Based on an exact rate-for-rate parity, there are several factors which tend to make motor carriers the preferred transportation medium on this traffic. Additional costs are incurred by shippers and receivers of freight when rail transportation is utilized, which include. drayage, fitting the car for loading, blocking and bracing the lading, loading at origin and unloading at destination, and maintenance of higher inventories. There is no accurate method by which the precise extra cost of using the average rail service may be determined, in that all of such costs are not incurred on every shipment. For example, some shipments incur only the cost of fitting the car, while others entail extra expense for drayage at destination.

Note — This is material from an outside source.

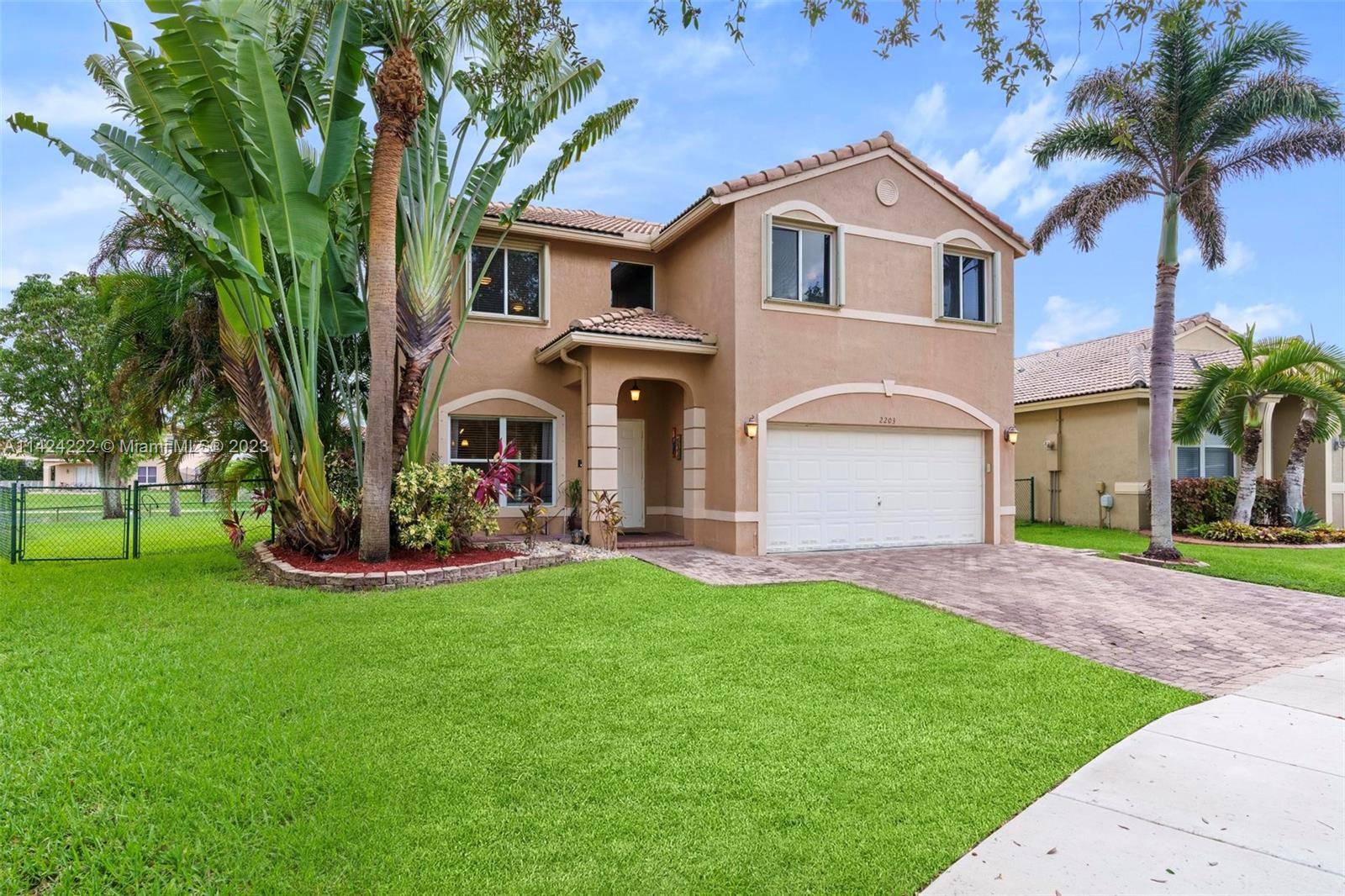 Welcome Home to the highly sought out community Monarch Lakes in the beautiful subdivision of Kings Bay !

A fairly accurate estimate of a portion of the extra expense of rail service may be arrived at by considering the published rail charge, approximating $11.80 per car, for blocking and bracing, and an estimated 7.5 cents per 100 pounds for loading or unloading. These expenses could be curtailed, of course, when performed by the shipper or receiver. If the combined services are performed by the carrier, the railroad charge would approximate 18.3 cents per 100 pounds on a 36,000-pound car. The record shows that these combined services are, for the most part, performed by shippers or receivers. Drayage charges also vary depending upon the size of the city and the distance between the plant and the rail siding. These charges, where incurred, aggregate generally from 10 to 20 cents per 100 pounds. A majority of the shippers or receivers who participated in this proceeding do not incur drayage expenses, as their plants are located on rail sidings.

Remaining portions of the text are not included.